__TASK DESCRIPTION__
Please return only the lines between the line with "this 360×270 image." and the final line of the entries, both included, and exclude pictures.

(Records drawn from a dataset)
————

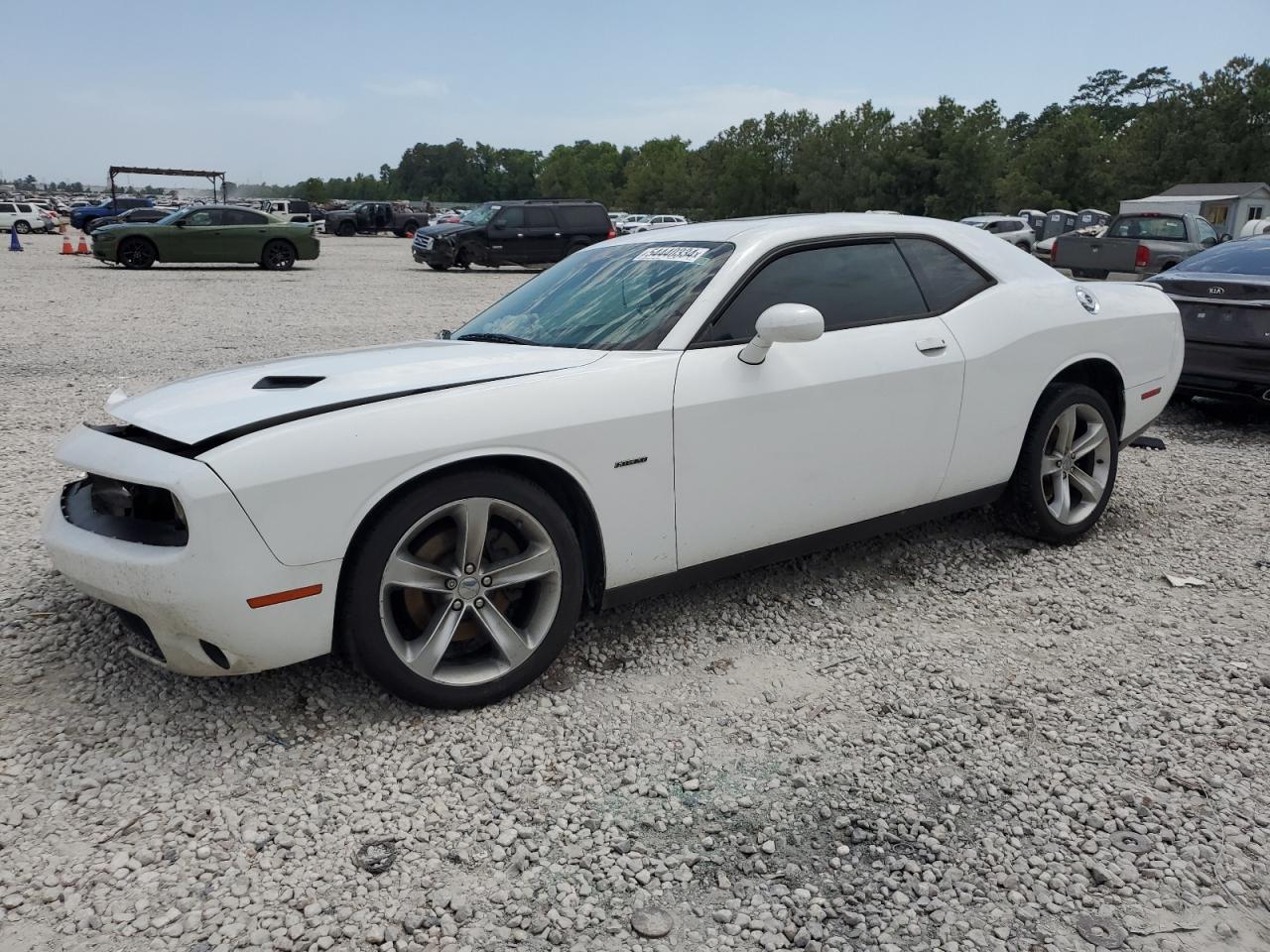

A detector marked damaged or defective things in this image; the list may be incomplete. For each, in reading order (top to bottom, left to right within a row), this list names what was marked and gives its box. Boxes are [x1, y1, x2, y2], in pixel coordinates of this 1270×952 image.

exposed headlight area [61, 474, 188, 547]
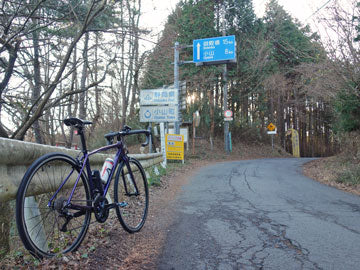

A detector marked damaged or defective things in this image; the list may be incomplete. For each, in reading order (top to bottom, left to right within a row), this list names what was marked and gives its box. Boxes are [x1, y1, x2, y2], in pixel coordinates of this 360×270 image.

cracked road surface [159, 159, 360, 268]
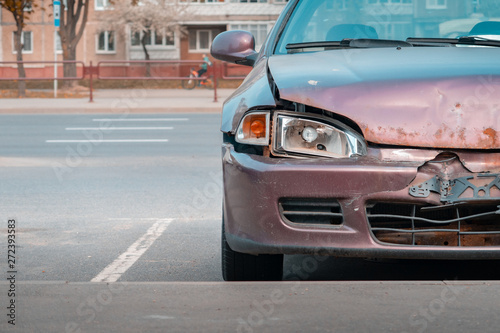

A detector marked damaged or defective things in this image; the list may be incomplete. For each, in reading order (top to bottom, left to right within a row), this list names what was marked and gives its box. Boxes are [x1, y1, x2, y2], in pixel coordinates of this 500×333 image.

————

__TASK ANSWER__
A detector marked damaged or defective things in this image; the list may be incomplete. For each, in reading order (top to bottom, left to right within a row), this list names what was marked and gives its box. Boxes are [x1, y1, x2, y2], in pixel coordinates of this 360×270 image.

cracked road surface [159, 159, 360, 268]

A detector marked damaged or defective things in this image; the list may be incomplete. For each, in reading order (top to bottom, left to right within a row), this list names what was marked and gives its box. Boxes are [x1, y1, x2, y2], in pixel coordinates of this 500×333 image.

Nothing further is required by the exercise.